= Work to complete =
In this exercise, write out the data word for word and leave every image out.

= Data block =
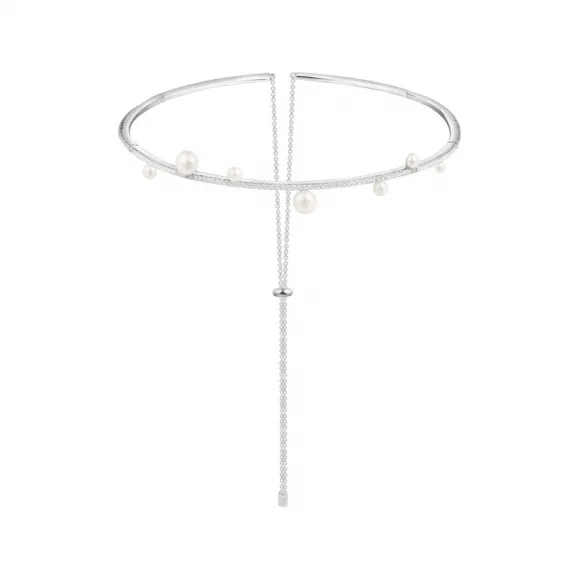 APM 纯银镶晶钻项圈 AC3466XPL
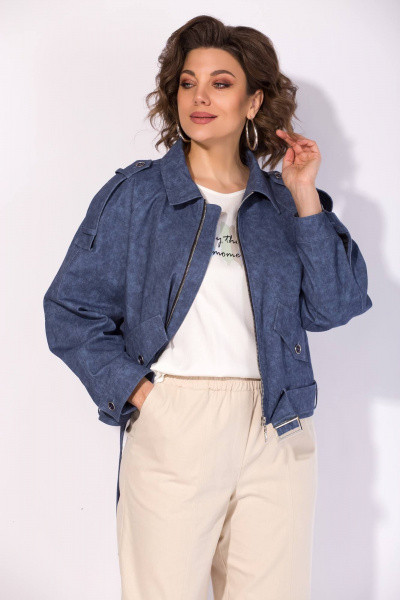 Жакет Liliana 1522 синий - фото 3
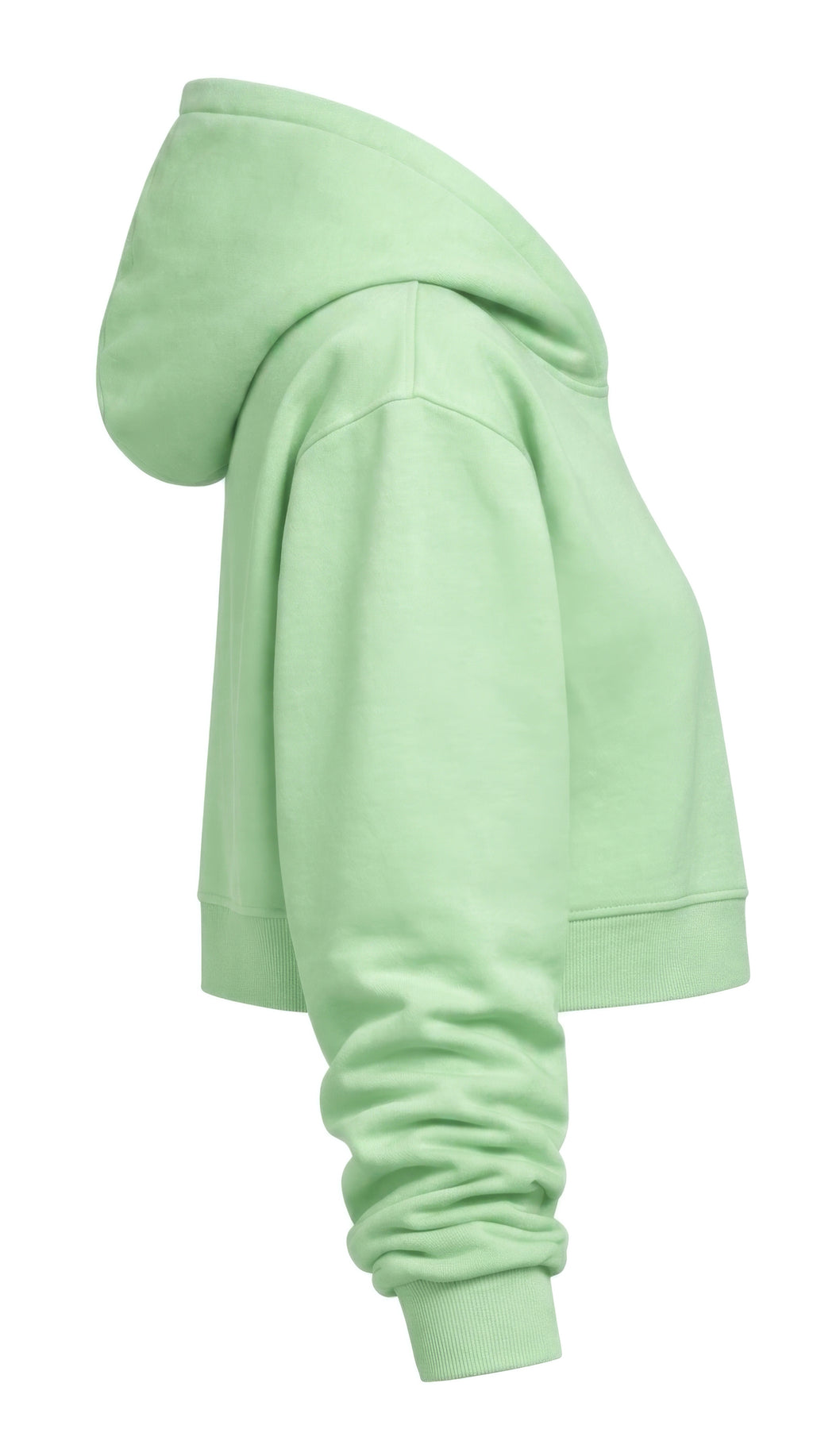 HASHASHIN Debossed PHANTOM Cropped Hooded Cloak - Green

= Exercise solution =
 APM 纯银镶晶钻项圈 AC3466XPL
 Жакет Liliana 1522 синий - фото 3
 HASHASHIN Debossed PHANTOM Cropped Hooded Cloak - Green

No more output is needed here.